At the launch of a climate conference in Riyadh, Saudi Crown Prince Mohammed Bin Salman (MBS), said it would reach the target without affecting the “stability of global energy markets.”
He said the country also would cut its emissions of methane by 30% by 2030. The plans would rely on “the availability of the required technologies to manage and reduce emissions,” MBS said.
Energy Minister Abdulaziz bin Salman said the country would use carbon capture – technology that extracts CO2 from the air, to help it meet the goal.

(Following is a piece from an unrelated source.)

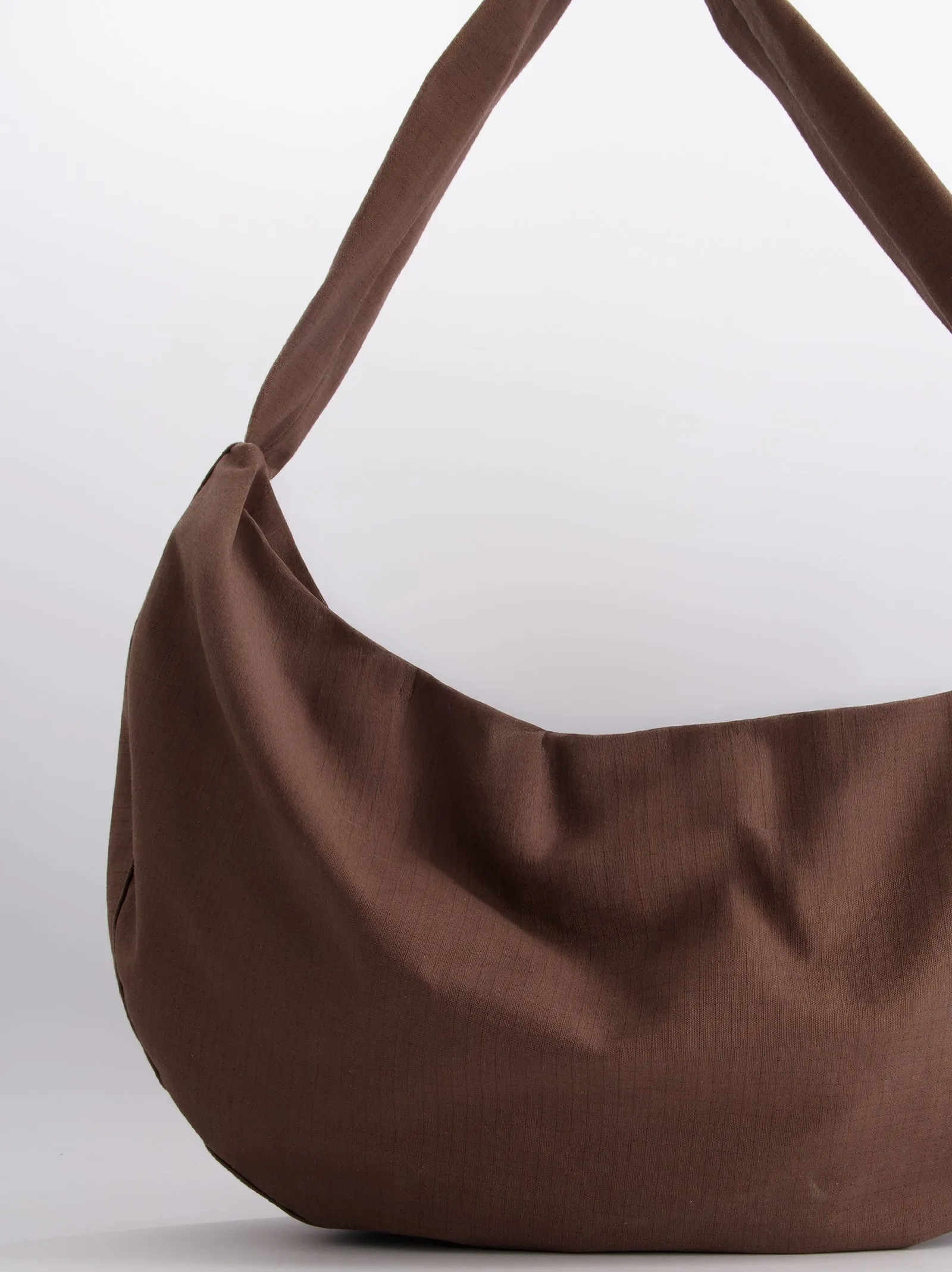 Maxi Brown Bag - Bobbo sold by Ulanka product image thumbnail 5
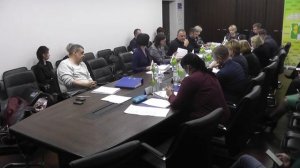 Заседание Совета депутатов муниципального округа Щербинка в городе Москве 23.10.2025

Earlier this year, Saudi Arabia said it would reduce carbon emissions by shifting to renewable energy and planting billions of trees.
On Sunday, October 24, Bahrain’s Cabinet said the Gulf country aims to also reach net-zero carbon emissions in 2060, to help tackle climate change and protect the environment, the state news agency (BNA) reported.
The UAE will invest more than $160 bn to become the first Gulf state to achieve net-zero carbon emissions by 2050, as part of a significant but detail-light climate initiative revealed Thursday at the Expo 2020 site.
“We are committed to seizing the opportunity to cement our leadership on climate change within our region… as we pivot our economy and nation to net zero,” said Sheikh Mohammed bin Rashid Al Maktoum, vice president and prime minister of the UAE and Ruler of Dubai.
The 2050 target aligns the UAE with most major global climate commitment pledges and comes ahead of the United Nations COP26 climate talks in November.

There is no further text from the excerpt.